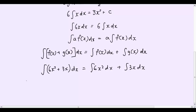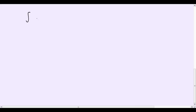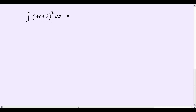Now let's get started with integrating some composite functions. A composite function is basically one function within another function. I'm going to give you a simple example: the integral of (3x + 2) squared dx. If you didn't know how to integrate composite functions, you would have to expand it and then integrate separately. But right now I'm going to teach you how to integrate this as a composite function using a technique called integration by recognition.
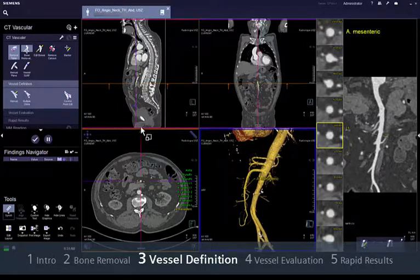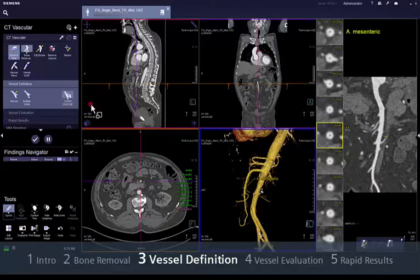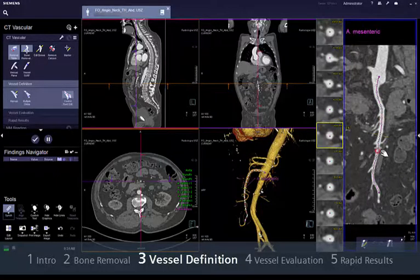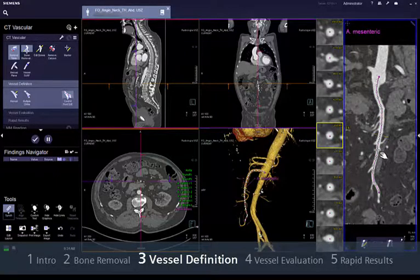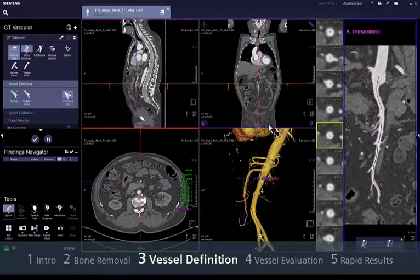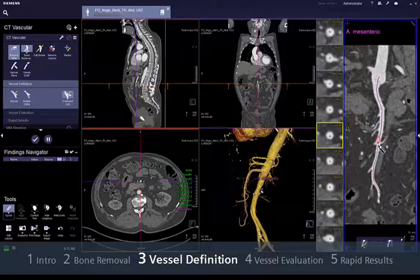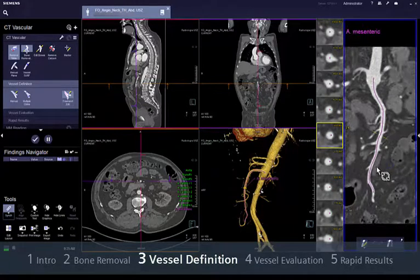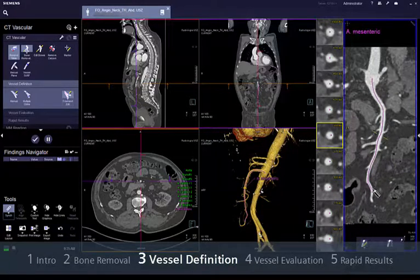To correct existing centre lines, Syngovia offers you two modes: Control Point Edit and Freehand Edit. The first mode allows you to modify the centre line by moving, adding or deleting the control points that define the path of the vessel. With Freehand Edit, you can manually redraw the path of the vessel as you wish. Remember to go back to the centre line once you have overcome the area you want to correct, otherwise the remaining part will be excluded.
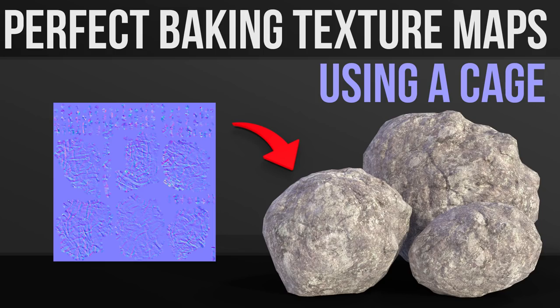Hello, in this tutorial I'll be showing you how you can get perfect bakes using a cage. So that's perfect normal and cavity maps using what's known as a cage to help your bakes.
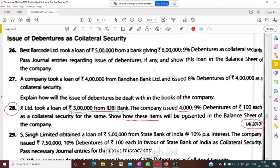In this question it is not asked to pass a journal entry — directly show how these items will be presented in the balance sheet. So I am not passing a journal entry; I am directly preparing the balance sheet for this question. Question number 28.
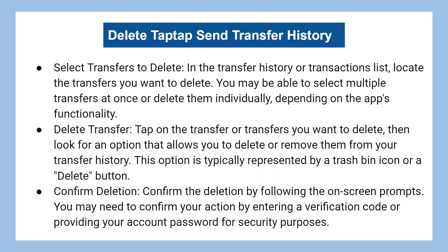Then, look for an option that allows you to delete or remove them from your transfer history. This option is typically represented by a trash bin icon or a delete button.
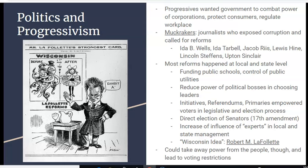One downside of giving experts so much influence is it could take power away from the people, and could also lead to voting restrictions — the idea that only the most qualified and knowledgeable people should vote. That idea helped support things like poll taxes and discriminatory voting laws that prevented African Americans and other racial minorities from voting, and could also lead to restrictions on people who were poor or illiterate from having their voice heard.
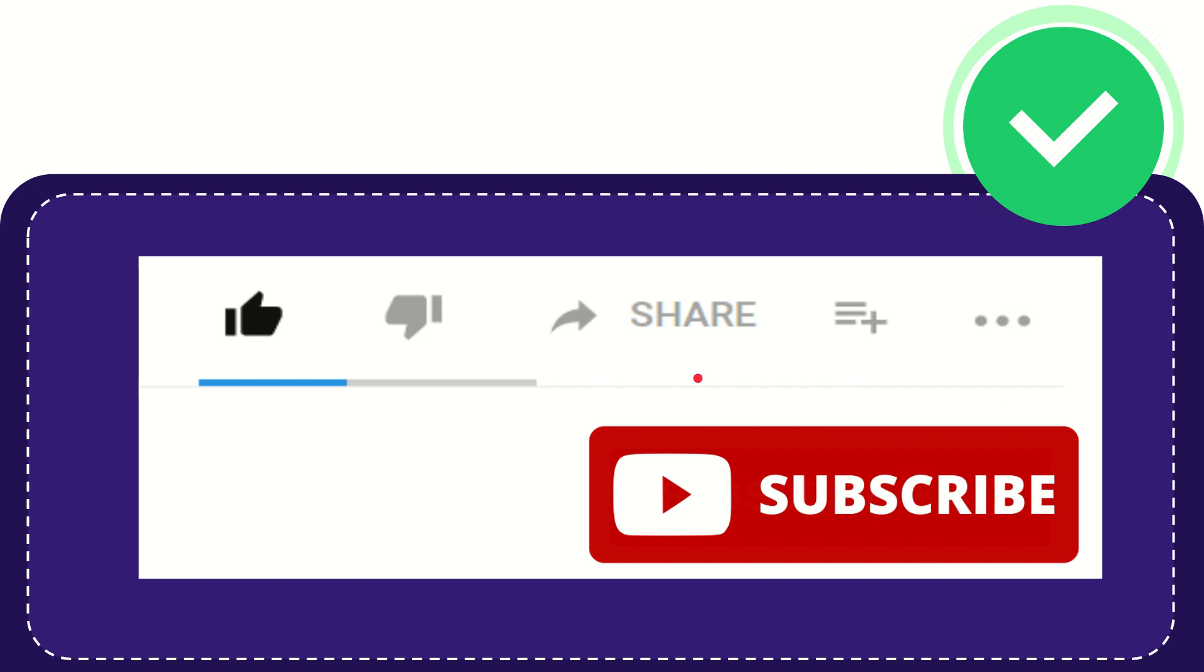Thank you so much for watching this video and see you again in another video. Bye-bye. See you again.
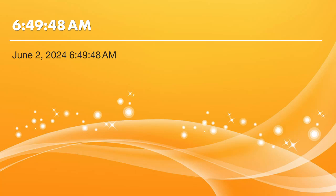Chag Sameach, Boker Tov, Shavua Tov. We're continuing with the Halakot of Hadlakat Nerot. We were speaking about exactly when does a woman accept upon herself Shabbat when she lights the candles.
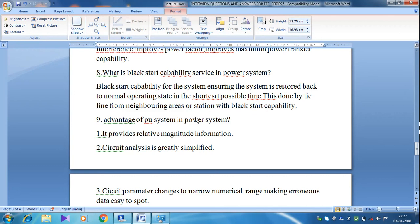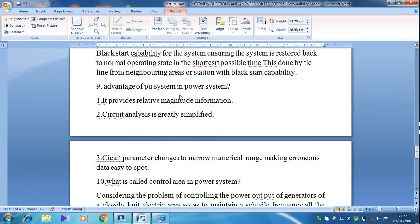The next question is: what are the advantages of the per unit system in power systems? It provides relative magnitude information. In a power generating station, different alternators have different power ratings, frequency ratings, and voltage ratings. Due to the per unit system, we can get the relative magnitude of each machine and each rating — voltage rating, power rating, and current rating.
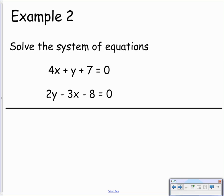Here's example number 2. The two equations this time are 4x plus y plus 7 equals 0, and 2y minus 3x minus 8 equals 0. Neither of these equations say x equals or y equals, so we have a job to do first — rearrange one of them so that it does. I'll go for the first one. Looking at 4x plus y plus 7 equals 0, y itself doesn't have a coefficient and is positive, so it's easier to rearrange for y. Moving 4x and 7 to the other side gives us y equals negative 4x minus 7. Now we're ready to substitute.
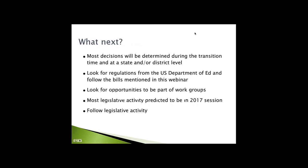So if nothing else, hopefully you come out of this webinar with the notion that we are going to have to speak up if we want this to be done correctly at the state level. Most decisions are going to be happening at a state or district level. So it's recognizing that there are lots of opportunities to speak your truth, make your voice known, and pay attention to what it looks like as it moves from a national law to a state law to what you do every day in your classroom. There was an open comment period for the department to take input on regulations. Look for opportunities to be part of work groups. Follow legislative activity.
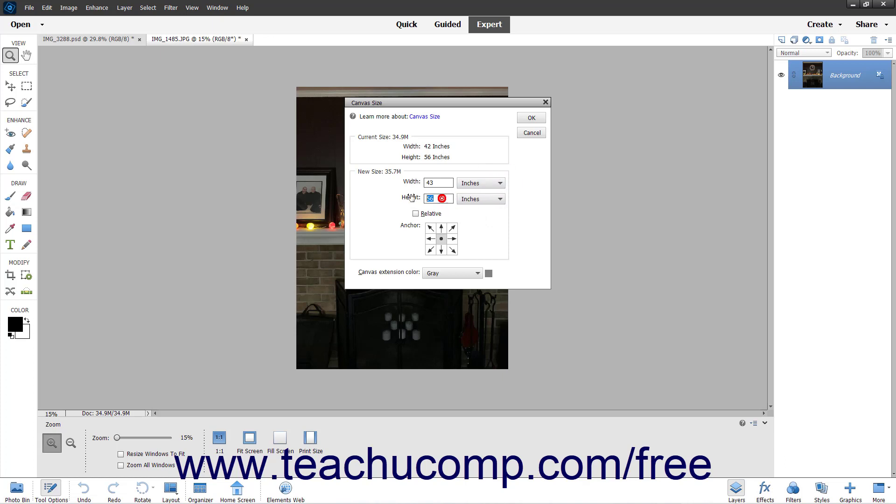In the Height field, type a number for the height, and then use the adjacent drop-down to the right to select its associated unit of measurement.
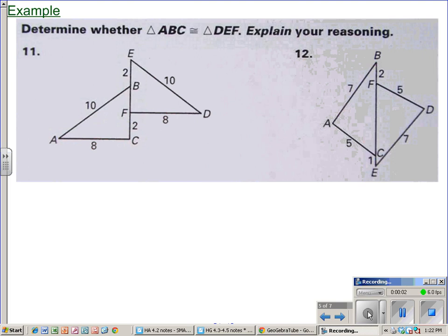This is the second video for sections 4.3 through 4.5, just doing some problems. We talked about in the first video the five different ways to show two triangles congruent. It does not matter which way you use — you just have to have one of those five ways to show the two triangles are congruent.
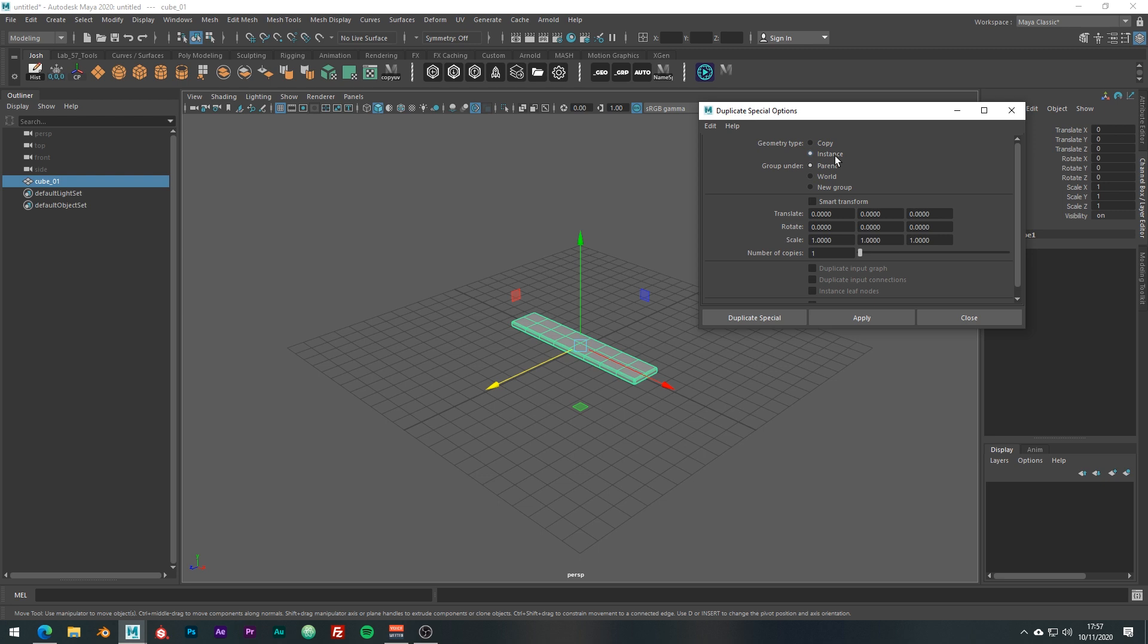The group under setting is pretty self-explanatory. So let's just get on to the juicy stuff. Here we have translate, rotate and scale parameters, which we can use to apply an offset value to each duplicated mesh.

#####

WORK ORDER: Print exactly the first line of the entries and every line after it through the one that contains "One downside of", leaving the pictures out.

FINAL ANSWER:
Now let's get started with integrating some composite functions. A composite function is basically one function within another function. I'm going to give you a simple example: the integral of (3x + 2) squared dx. If you didn't know how to integrate composite functions, you would have to expand it and then integrate separately. But right now I'm going to teach you how to integrate this as a composite function using a technique called integration by recognition.
To correct existing centre lines, Syngovia offers you two modes: Control Point Edit and Freehand Edit. The first mode allows you to modify the centre line by moving, adding or deleting the control points that define the path of the vessel. With Freehand Edit, you can manually redraw the path of the vessel as you wish. Remember to go back to the centre line once you have overcome the area you want to correct, otherwise the remaining part will be excluded.
Hello, in this tutorial I'll be showing you how you can get perfect bakes using a cage. So that's perfect normal and cavity maps using what's known as a cage to help your bakes.
In this question it is not asked to pass a journal entry — directly show how these items will be presented in the balance sheet. So I am not passing a journal entry; I am directly preparing the balance sheet for this question. Question number 28.
Then, look for an option that allows you to delete or remove them from your transfer history. This option is typically represented by a trash bin icon or a delete button.
One downside of giving experts so much influence is it could take power away from the people, and could also lead to voting restrictions — the idea that only the most qualified and knowledgeable people should vote. That idea helped support things like poll taxes and discriminatory voting laws that prevented African Americans and other racial minorities from voting, and could also lead to restrictions on people who were poor or illiterate from having their voice heard.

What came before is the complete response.